*** Given data Section Begins ***

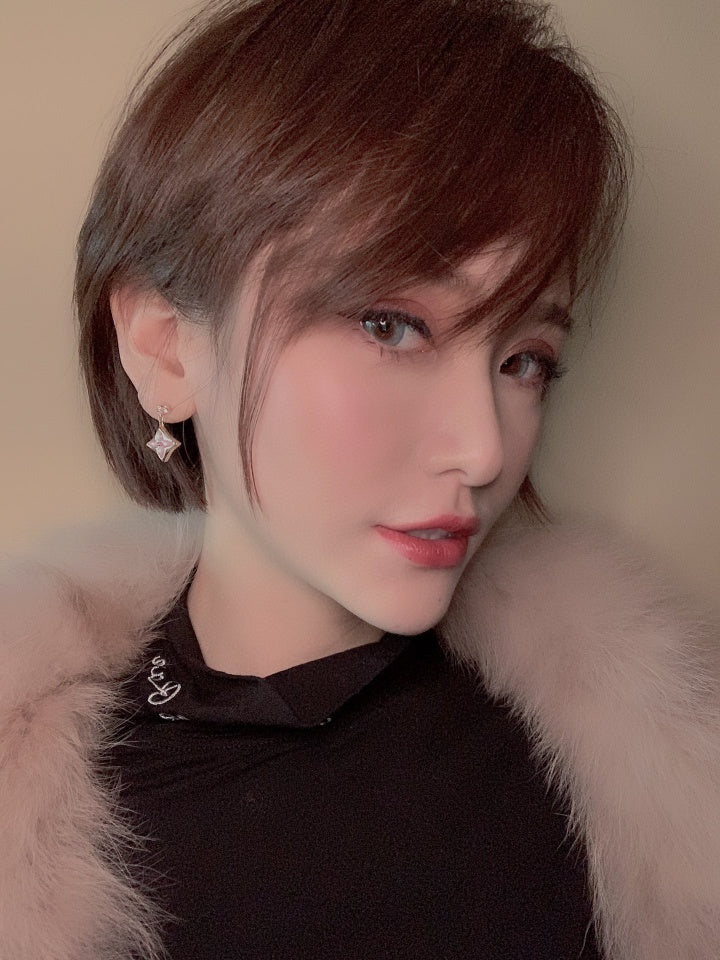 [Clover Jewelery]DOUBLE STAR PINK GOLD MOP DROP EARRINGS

*** Given data Section Ends ***
*** Given data Section Begins ***

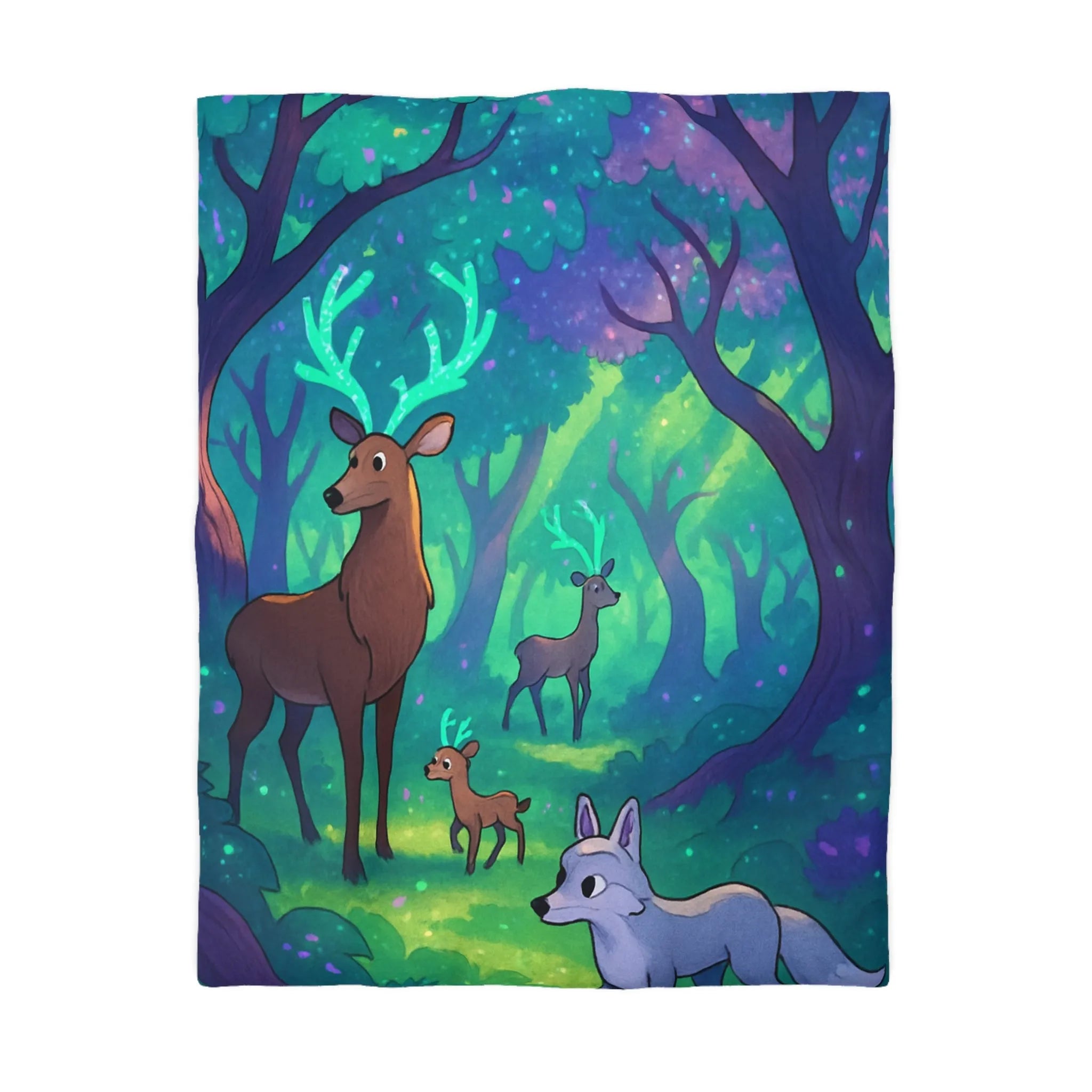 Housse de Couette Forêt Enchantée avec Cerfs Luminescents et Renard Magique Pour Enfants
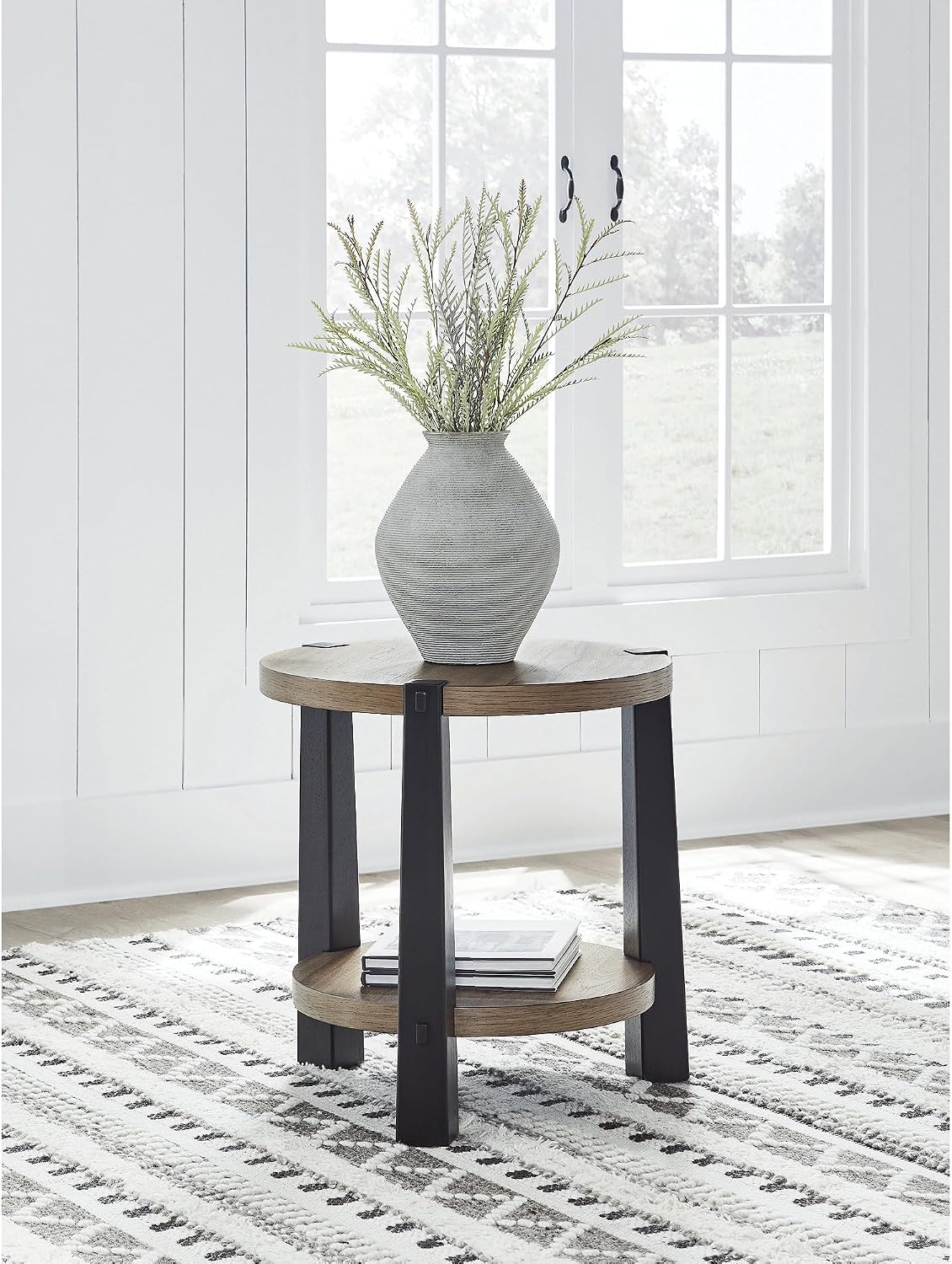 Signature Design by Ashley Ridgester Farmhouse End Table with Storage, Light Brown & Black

*** Given data Section Ends ***

A clean copy is needed of the lines in the listing above from the one with "Housse de Couette" through the one with "Signature Design by", exact in every word and free of pictures.

 Housse de Couette Forêt Enchantée avec Cerfs Luminescents et Renard Magique Pour Enfants
 Signature Design by Ashley Ridgester Farmhouse End Table with Storage, Light Brown & Black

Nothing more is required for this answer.